→ EXERCISE DESCRIPTION
Only the number is wanted: tally the lines below that contain the word "Formal".

(PROVIDED MATERIAL begins)

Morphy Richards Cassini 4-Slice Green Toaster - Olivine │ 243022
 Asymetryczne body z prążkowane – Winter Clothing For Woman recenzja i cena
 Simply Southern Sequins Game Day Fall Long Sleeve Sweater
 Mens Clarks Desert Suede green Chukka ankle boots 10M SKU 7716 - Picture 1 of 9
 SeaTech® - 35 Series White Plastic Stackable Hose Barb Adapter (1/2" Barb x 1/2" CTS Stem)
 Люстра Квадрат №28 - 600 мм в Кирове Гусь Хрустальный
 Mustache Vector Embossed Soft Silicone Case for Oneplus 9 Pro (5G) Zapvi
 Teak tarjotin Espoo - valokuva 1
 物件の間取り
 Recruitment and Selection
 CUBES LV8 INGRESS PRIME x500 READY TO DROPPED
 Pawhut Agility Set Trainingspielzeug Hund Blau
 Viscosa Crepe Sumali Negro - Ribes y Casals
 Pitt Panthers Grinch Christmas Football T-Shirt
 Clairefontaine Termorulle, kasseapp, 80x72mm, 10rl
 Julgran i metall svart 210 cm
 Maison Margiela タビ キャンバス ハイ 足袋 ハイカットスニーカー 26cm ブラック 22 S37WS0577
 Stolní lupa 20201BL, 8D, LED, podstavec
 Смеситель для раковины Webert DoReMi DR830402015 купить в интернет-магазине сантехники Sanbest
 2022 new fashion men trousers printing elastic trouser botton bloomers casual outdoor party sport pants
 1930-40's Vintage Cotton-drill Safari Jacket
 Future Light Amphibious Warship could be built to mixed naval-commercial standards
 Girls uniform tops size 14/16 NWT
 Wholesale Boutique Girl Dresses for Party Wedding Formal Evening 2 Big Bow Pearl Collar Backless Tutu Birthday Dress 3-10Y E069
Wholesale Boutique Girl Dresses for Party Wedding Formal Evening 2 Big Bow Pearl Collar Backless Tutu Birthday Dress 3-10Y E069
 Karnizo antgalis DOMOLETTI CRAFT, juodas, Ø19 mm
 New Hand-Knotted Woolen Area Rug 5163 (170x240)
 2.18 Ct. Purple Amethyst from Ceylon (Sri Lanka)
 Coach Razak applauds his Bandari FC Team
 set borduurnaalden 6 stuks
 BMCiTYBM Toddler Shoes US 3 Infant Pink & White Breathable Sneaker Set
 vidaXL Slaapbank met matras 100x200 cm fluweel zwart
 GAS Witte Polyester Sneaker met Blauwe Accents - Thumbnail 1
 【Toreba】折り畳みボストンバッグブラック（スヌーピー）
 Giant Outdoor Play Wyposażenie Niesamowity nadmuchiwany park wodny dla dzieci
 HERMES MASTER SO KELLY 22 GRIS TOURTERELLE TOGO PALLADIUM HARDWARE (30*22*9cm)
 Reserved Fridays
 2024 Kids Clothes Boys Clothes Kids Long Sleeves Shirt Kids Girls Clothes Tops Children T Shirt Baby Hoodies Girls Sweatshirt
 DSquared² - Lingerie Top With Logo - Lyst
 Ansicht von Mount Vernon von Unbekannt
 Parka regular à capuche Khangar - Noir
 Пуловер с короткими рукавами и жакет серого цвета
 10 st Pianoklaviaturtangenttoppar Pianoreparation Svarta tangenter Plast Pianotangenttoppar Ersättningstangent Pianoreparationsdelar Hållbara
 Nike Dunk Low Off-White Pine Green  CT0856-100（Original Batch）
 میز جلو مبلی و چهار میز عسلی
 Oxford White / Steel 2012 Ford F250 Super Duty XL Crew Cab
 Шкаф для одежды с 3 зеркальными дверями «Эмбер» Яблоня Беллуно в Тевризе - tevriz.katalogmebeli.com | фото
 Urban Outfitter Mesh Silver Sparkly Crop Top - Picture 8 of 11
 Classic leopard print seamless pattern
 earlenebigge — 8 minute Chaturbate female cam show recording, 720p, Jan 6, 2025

(PROVIDED MATERIAL ends)

→ RESULT
2